I didn't intend on getting a new guitar, but I stumbled across a used Godin Acousticaster today. I'm leaving on another cruise gig on Sunday, and wanted a lighter guitar that I can pack in my luggage - so a bolt neck was a must too.

5.25 lbs!


----------



## Guyfrets (Aug 20, 2012)

Congratulations on the new guitar.




. 

Is this the guitar you purchased?


----------



## shoretyus (Jan 6, 2007)

Don't forget your looper pedals


----------



## Merlin (Feb 23, 2009)

Guyfrets said:


> Congratulations on the new guitar.
> 
> 
> 
> ...


Yep.


----------



## Lord-Humongous (Jun 5, 2014)

Nice, congrats!


----------



## Milkman (Feb 2, 2006)

Nice time of year for a cruise.

Nice guitar.

Safe travels.


----------



## Merlin (Feb 23, 2009)

So I managed to pare my checked bag down to 53 lbs, including the guitar, gig bag and interface.

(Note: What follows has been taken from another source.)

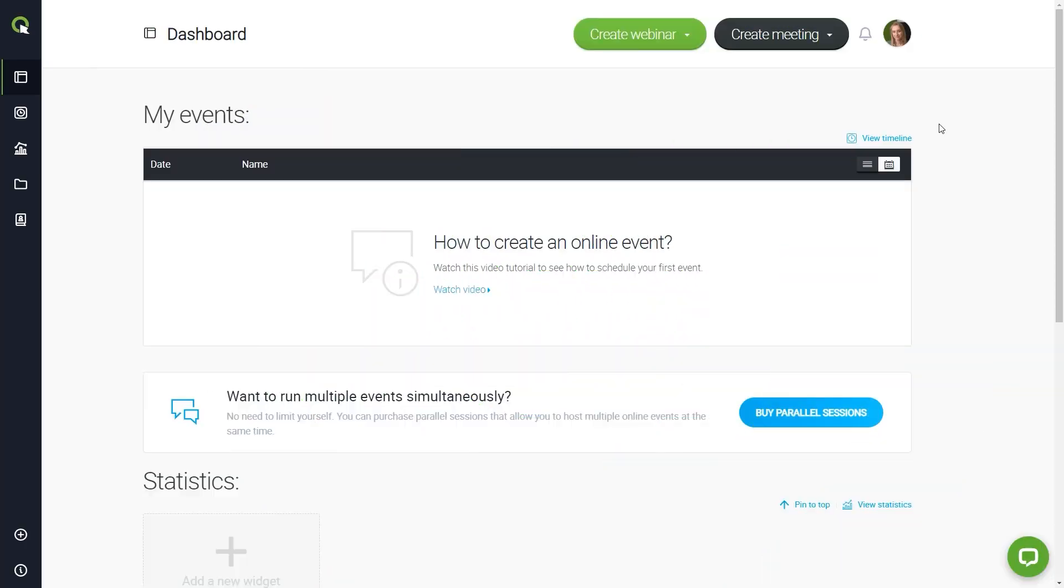Your ClickMeeting account is all set, so let's give it a try. What you see now is your account panel where you can create your future events.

Looking forward to playing it everyday and getting some writing done.


----------



## sore fingers (May 27, 2015)

Great guitar, great light weight traveling.
We have so much stuff in our duo that there's no room for groceries on the way back from a gig. lol


----------



## Mooh (Mar 7, 2007)

Excellent guitar, congratulations.

I really miss mine. Dealt it in a moment of weakness. It was great for the semi-acoustic covers my band does, and was very handy to have around the studio. (Years ago I also had an Acousticaster fretless bass, but after a couple of gig accidents I dealt it.)

Peace, Mooh.


----------



## Merlin (Feb 23, 2009)

Mooh said:


> Excellent guitar, congratulations.
> 
> I really miss mine. Dealt it in a moment of weakness. It was great for the semi-acoustic covers my band does, and was very handy to have around the studio. (Years ago I also had an Acousticaster fretless bass, but after a couple of gig accidents I dealt it.)
> 
> Peace, Mooh.


I have an Acousticaster fretless bass I bought off a guy in Sarnia - could it be the same one?


----------



## Mooh (Mar 7, 2007)

Merlin said:


> I have an Acousticaster fretless bass I bought off a guy in Sarnia - could it be the same one?


Maybe. Post a picture?

Mine had an extra piece of ebony under the thumb rest to help reinforce the top that was damaged in a stage fall. It also had some different machine heads on it for a while so there might be evidence of that on the back of the headstock. I liked it, it sounded great, played great, and looked great. 

Peace. Mooh.


----------



## marcos (Jan 13, 2009)

I had one in the 90,s and never bonded with the neck. It sounded o.k. just not my cup of tea.


----------



## Merlin (Feb 23, 2009)

Mooh said:


> Maybe. Post a picture?
> 
> Mine had an extra piece of ebony under the thumb rest to help reinforce the top that was damaged in a stage fall. It also had some different machine heads on it for a while so there might be evidence of that on the back of the headstock. I liked it, it sounded great, played great, and looked great.
> 
> Peace. Mooh.


Mine has the long ebony strip/ thumbrest, and the bridge was clearly reglued at some point - and not quite accurately. Being a fretless, it's not really a big deal.


----------



## Steadfastly (Nov 14, 2008)

I am a Godin fan and that, to me, is a nice one. I almost bought the 40th anniversary edition but went with the Kingpin II instead.


----------



## audiorep2 (Mar 28, 2009)

In the Maritimes .......


----------